→ Required work:
Please restate every record below word for word and skip the pictures.

(Beginning of The data)

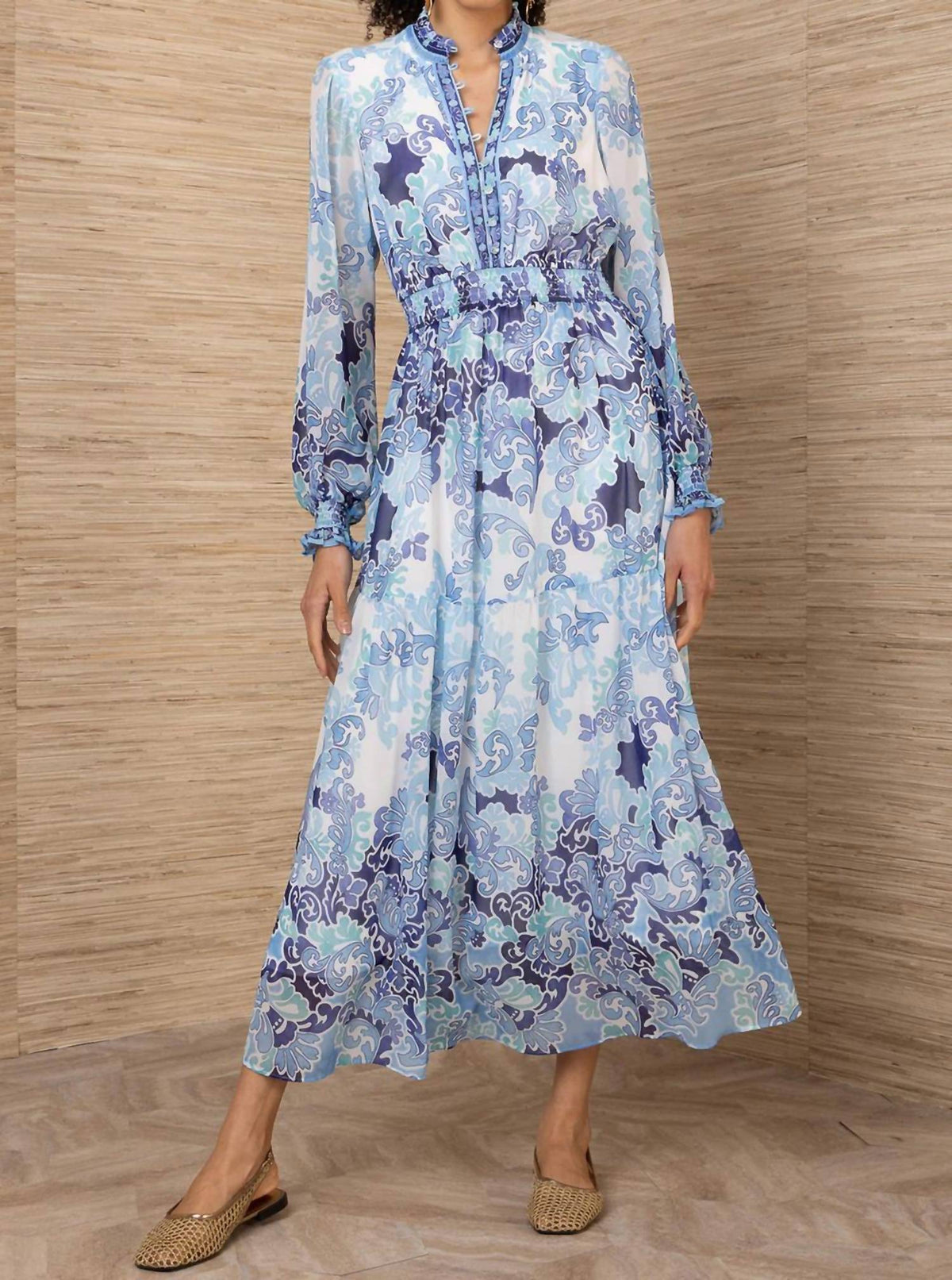 Hale Bob - Bertille Chiffon Maxi Dress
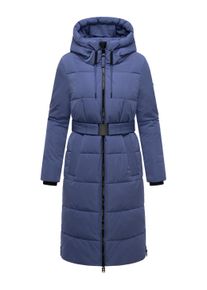 Steppmantel Navahoo "Steppmantel Herbstnebel 14", Damen, Gr. L, lila (blau violet), Obermaterial: 100% Polyester PES. Obermaterial: Futter: 100% Polyester PES. 100% Polyester PES., M&auml;ntel Steppmantel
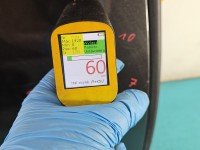 Drzwi tył prawe Peugeot 308 II T9 kombi 5d brązowy KKSD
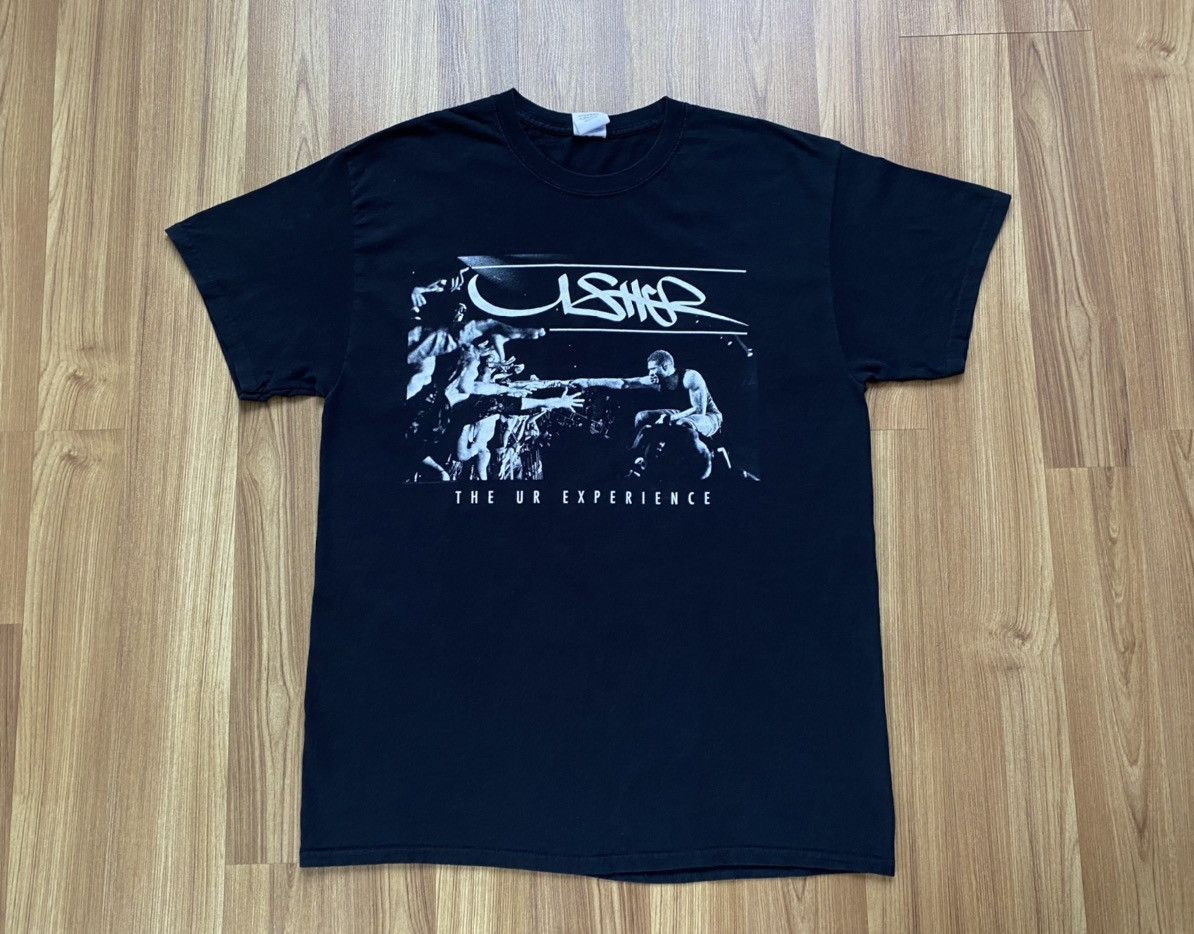 Band Tees Usher The UR Experience Tour T Shirt Tee Eminem Y2K Size US L / EU 52-54 / 3 - 1 Thumbnail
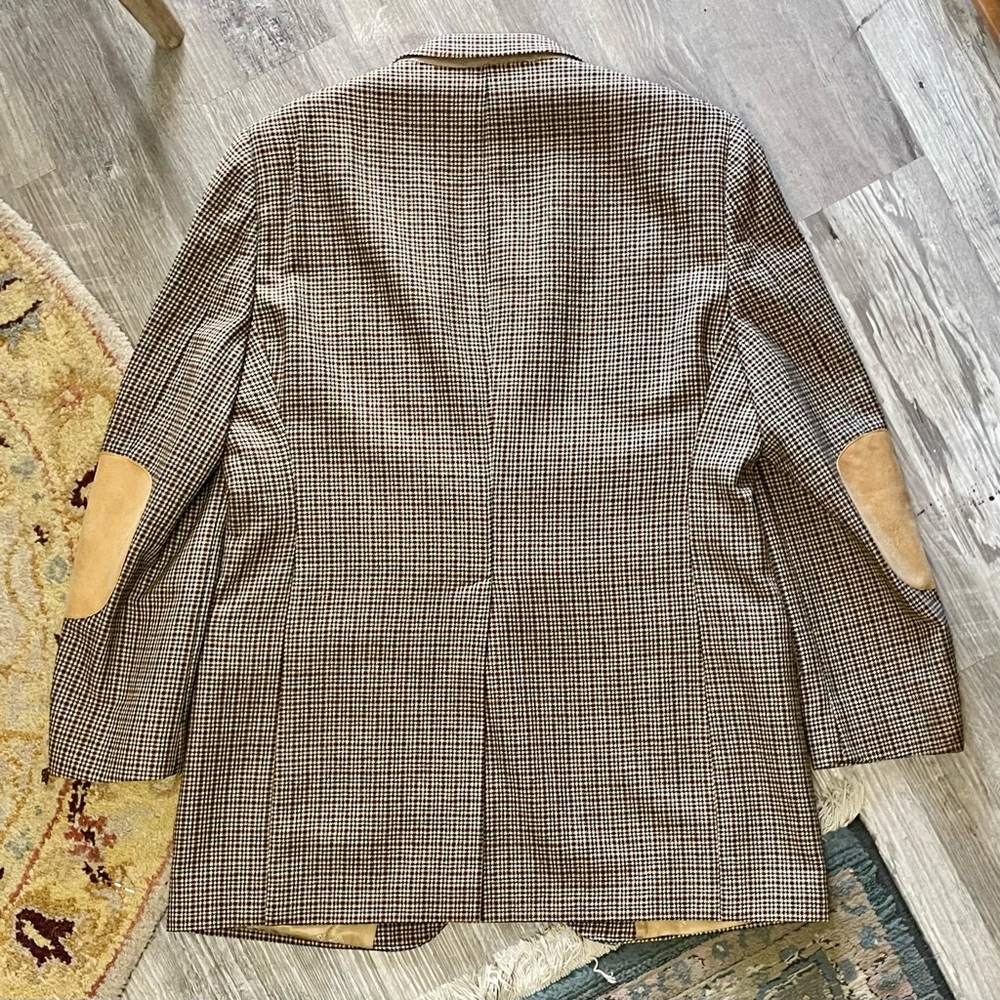 Vintage DAKS Ben Turturici USA Union Made 100% Wool Tweed Sports Coat Blazer - Picture 13 of 16
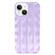 iPhone 14 Plus  3D Stripe TPU Phone Case - Purple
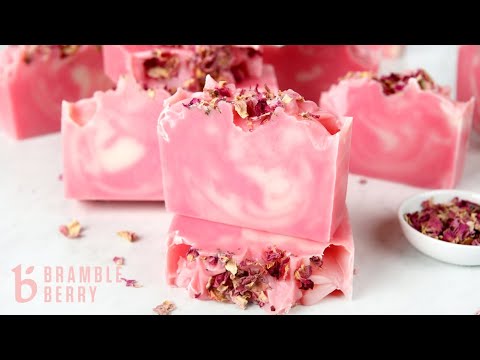 How to Make Swirled Rose Cold Process Soap - UCStN08hkQ1321WVdFqWD2-w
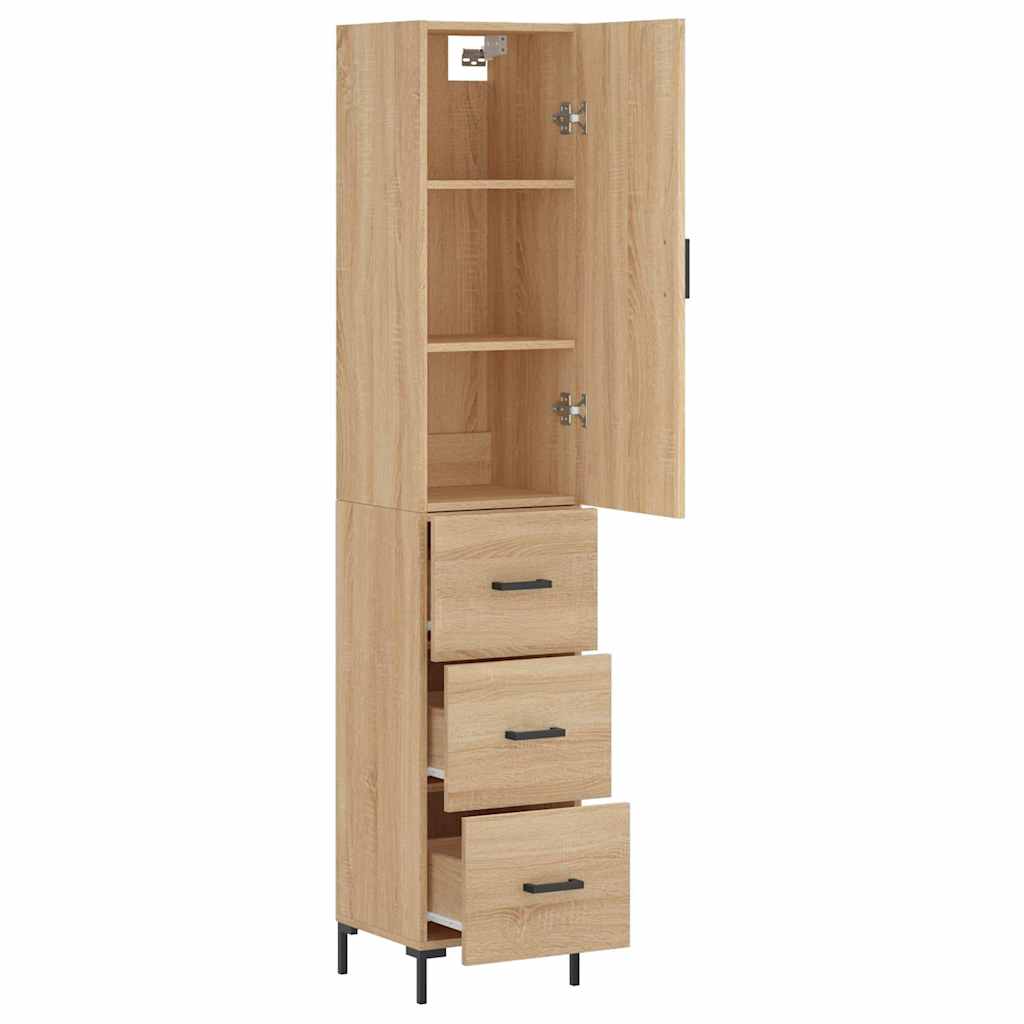 Visoka komoda hrasta sonome 34,5x34x180cm od konstruiranog drva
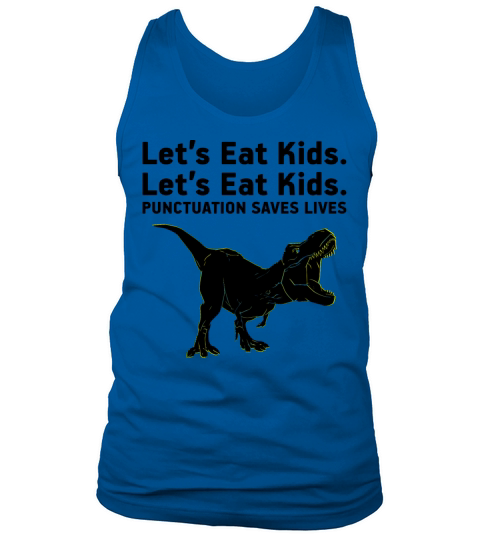 Lets eat kids T-rex Tank Top Unisex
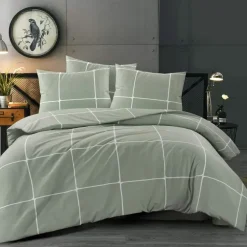 Day Dream Stan - Dekbedovertrek - Tweepersoons - 200 x 200/220 - Groen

(End of The data)

→ Task output:
 Hale Bob - Bertille Chiffon Maxi Dress
 Steppmantel Navahoo "Steppmantel Herbstnebel 14", Damen, Gr. L, lila (blau violet), Obermaterial: 100% Polyester PES. Obermaterial: Futter: 100% Polyester PES. 100% Polyester PES., M&auml;ntel Steppmantel
 Drzwi tył prawe Peugeot 308 II T9 kombi 5d brązowy KKSD
 Band Tees Usher The UR Experience Tour T Shirt Tee Eminem Y2K Size US L / EU 52-54 / 3 - 1 Thumbnail
 Vintage DAKS Ben Turturici USA Union Made 100% Wool Tweed Sports Coat Blazer - Picture 13 of 16
 iPhone 14 Plus  3D Stripe TPU Phone Case - Purple
 How to Make Swirled Rose Cold Process Soap - UCStN08hkQ1321WVdFqWD2-w
 Visoka komoda hrasta sonome 34,5x34x180cm od konstruiranog drva
 Lets eat kids T-rex Tank Top Unisex
 Day Dream Stan - Dekbedovertrek - Tweepersoons - 200 x 200/220 - Groen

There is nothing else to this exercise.